The American Humanist Association filed suit Tuesday in the United States District Court for the District of Maryland against the Maryland-National Capital Park and Planning Commission, which oversees the property in Bladensburg, where the cross is located.
In addition to the AHA, named plaintiffs include two AHA members who live in the area and a third resident from nearby Beltsville.
"This action challenges the constitutionality of the defendant's ownership, maintenance and prominent display on public property of a massive Christian cross (the 'Bladensburg cross') as a violation of the Establishment Clause of the First Amendment of the U.S.Constitution, as applied to Maryland by the Fourteenth Amendment," reads the suit in part.
"The plaintiffs seek injunctive and declaratory relief and nominal damages under 42 U.S.C. §1983 against the defendant to redress this Establishment Clause violation, together with recovery of attorney's fees and costs under 42 U.S.C. §1988(b)."
The case against the Bladensburg cross is being handled by the AHA's legal wing, the Appignani Humanist Legal Center.
Appignani's Legal Director David Niose said in a statement that the Bladensburg cross "violates the Establishment Clause."
"To any passerby, a huge cross such as this can only be understood as endorsing Christianity," said Niose.
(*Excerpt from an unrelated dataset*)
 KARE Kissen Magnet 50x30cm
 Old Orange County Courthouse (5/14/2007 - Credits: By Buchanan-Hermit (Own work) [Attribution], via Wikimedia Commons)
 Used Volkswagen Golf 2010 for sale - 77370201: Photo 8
"We can all support memorials to those who have fought for our country, but they cannot take the form of a massive religious symbol on government property."
Also known as the "peace cross," the Town of Bladensburg's 40-foot tall cross was dedicated in 1925 by the American Legion. It was built by volunteers with the Snyder-Farmer Post of the American Legion of Hyattsville in memory of the 49 men from Prince George's County who died in World War I.
Composed of cement and marble, in 1965 the cross was given lights so as to be visible to drivers during the evening hours.
In 2012, the AHA sent a letter to the Maryland National Park and Planning Commission demanding the removal of the peace cross from its present site on government property.
Their letter prompted protests from locals and the American Legion, who told local media that the AHA was being too sensitive on the issue.
"The Distinguished Air Cross -- is that a religious medal?" asked Moore. "They have the cross-hairs in a sight. Because the word 'cross' is there, is that a religious reference as well?" asked American Legion Commander Mike Moore to Fox 5.